You know, I kind of get Wright acting all different, having hit rock bottom during the time skip, but the big evidence of "Edgy Wright" not being meant to originally have been Wright at all is how he goes right back to his old personality in the next game. He goes from being totally calm and unshakeable right back to doing the whole nervous grin thing when he gets something wrong.
Even if you mostly agree with me, unfortunately cBB is right here:
That's because the writer/director for the first 4 games, Shu Takumi, left after AJ and his replacement, Yamazaki, is completely bereft of talent.
While I do like Investigations 2 and some of the cases in Yamazaki’s mainline AA games, Yamazaki has an issue with not bothering to follow mainline continuity.

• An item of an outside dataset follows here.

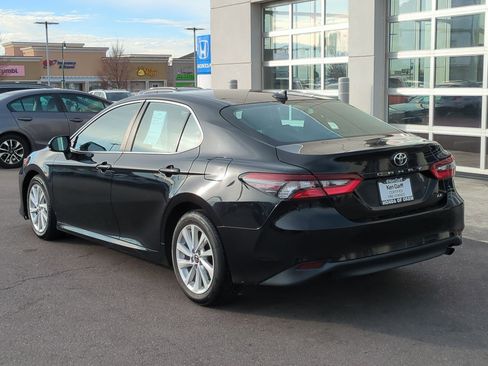Used 2022 Toyota Camry LE image 9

A good example is how he doesn’t really write Phoenix as a continuation from Trials and Tribulations and has him act like the rising newcomer from the first two games, even down to making some of the same mistakes, some of which are for the sake of making Apollo look good.
Speaking of which, it doesn’t help Yamazaki fumbled Apollo’s character too by giving him ridiculous backstories rather than following through on the plot twist from AJ. It’s to a point where it’s believable that if he is behind AA7, Apollo could have a new backstory where it turns out that Jove was a top secret agent who tried to stop some cartoony super villain.